If you wanna chat about your leak on phone, i’ll be around a lil bit today from 11:30 am - 3:30 586 777 7973, i don’t want anything just offering to try n help, 40+ honest yrs behind my shtt


Call Mark…


Grading rules are regulated by the municipality.
Clearances must be maintained.

Maybe you should use and act as a professional on the MB. Hm?

As for retaining any poster that uses vulgarities and bashes any competition, I am sure a few well placed phones calls to an foundation expert would direct you to a seasoned professional.

Please call Mark Anderson before you do anything else.


I agree it was wrong to frame a wall and have it 18” under grade…and I know nothing about building houses.
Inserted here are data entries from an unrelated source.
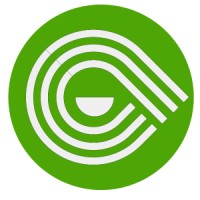 TERRASOLIS 🌱 logo - Similar company to Agridées Think Tank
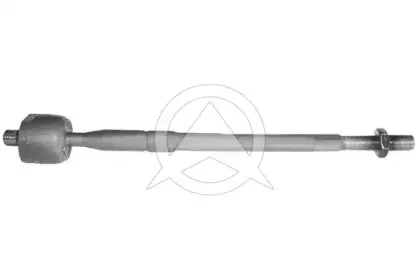 Осевой шарнир, рулевая тяга SIDEM купить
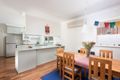 Property photo of 35 Garfield Avenue Bonnet Bay NSW 2226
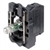 YC-LED-ZB5AVM3-220-G GREEN CONTROL AND SIGNALLING UNITS FITS TELEMECANIQUE TYPE ZB5 AVM3 220V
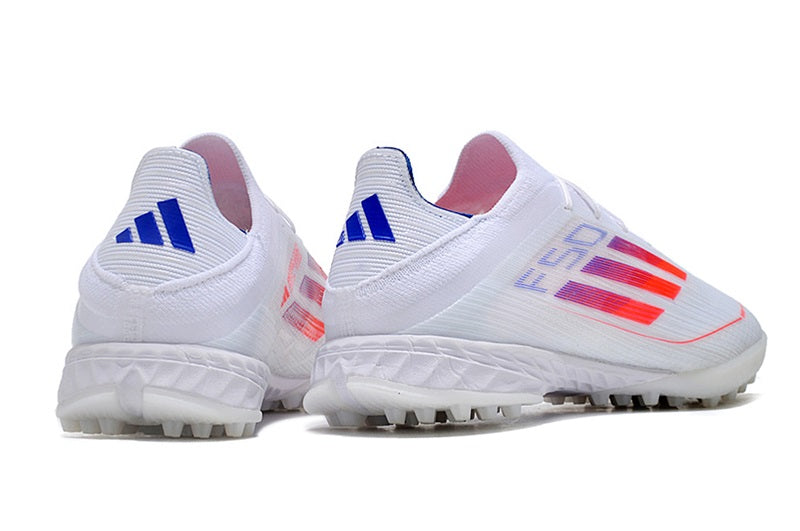 ADIDAS F50 (TF)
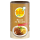 tellofix Sauce zu Braten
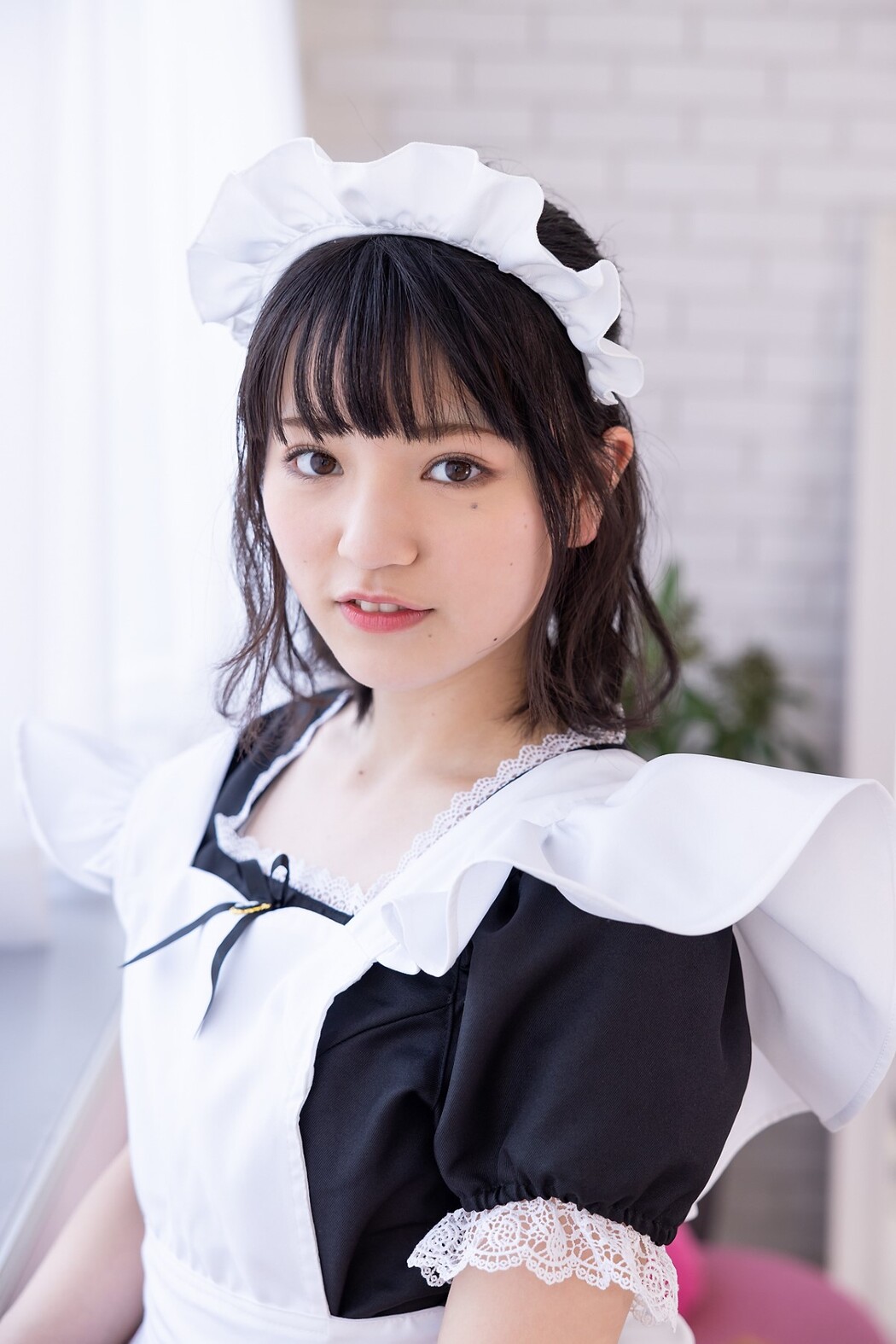 Minisuka.tv 2022-05-19 Hinako Tamaki 玉城ひなこ Limited Gallery 01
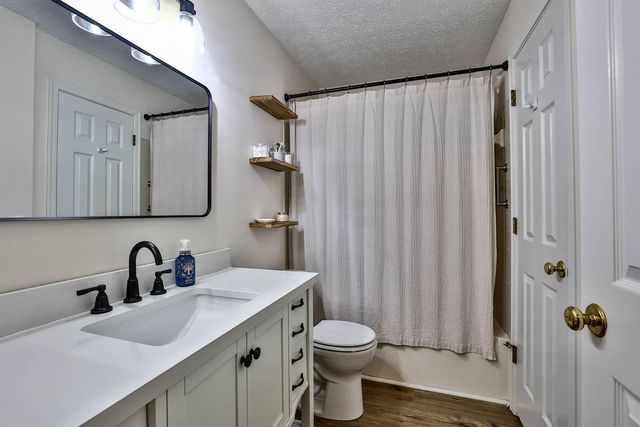 49 Springhouse Drive, Cold Spring, KY 41076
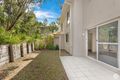 Property photo of 32 Lagoons Circuit Nelson Bay NSW 2315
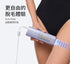 Ulike Air 2 Max家用脫毛儀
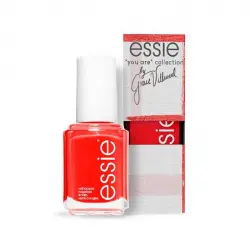 Essie - *You Are By Grace Villarreal* - Esmalte de uñas - You are important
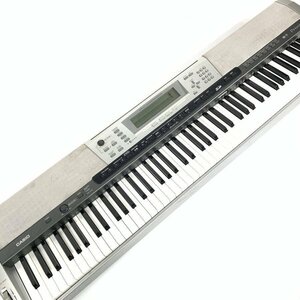 CASIO カシオ Privia PX-410R 電子ピアノ 88鍵★簡易検査品
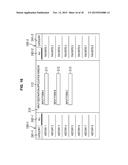 INFORMATION PROCESSING APPARATUS, INFORMATION PROCESSING METHOD, AND     RECORDING MEDIUM diagram and image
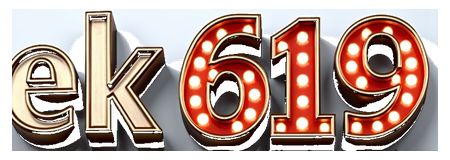 ek 619 logo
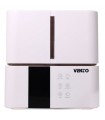 دستگاه بخور سرد وکتو مدل Vekto HQ-JS826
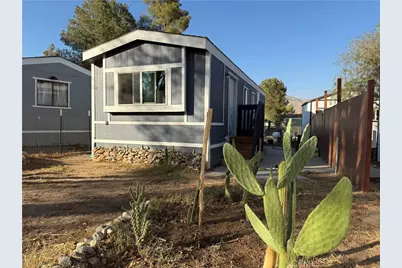 14925 Great Overland Stage Route #A13, Julian, CA 92036 - Photo 1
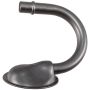 Melling 95-S5 Stock Replacement Oil Pump Screen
There’s no window in the wall. I don’t know why they didn’t just continue the concrete foundation wall to the back of the house. Unfortunately the house has been there since 2004. Septic tank is a few feet out from there along with irrigation. No easy way to regrade / remove the dirt.

I think it’s a site rule that prevents new users from uploading files.

say again, regrading does NOT seal anything, in fact it does not inform anyone of where the water may be first getting in, folla?


Instead of explaining what it was not meant to do, explain the function of lot grading, and how it interacts with the lot, foundation and the perimeter drainage field and weep tiles, or in this case I suspect, the lack thereof for the area being affected.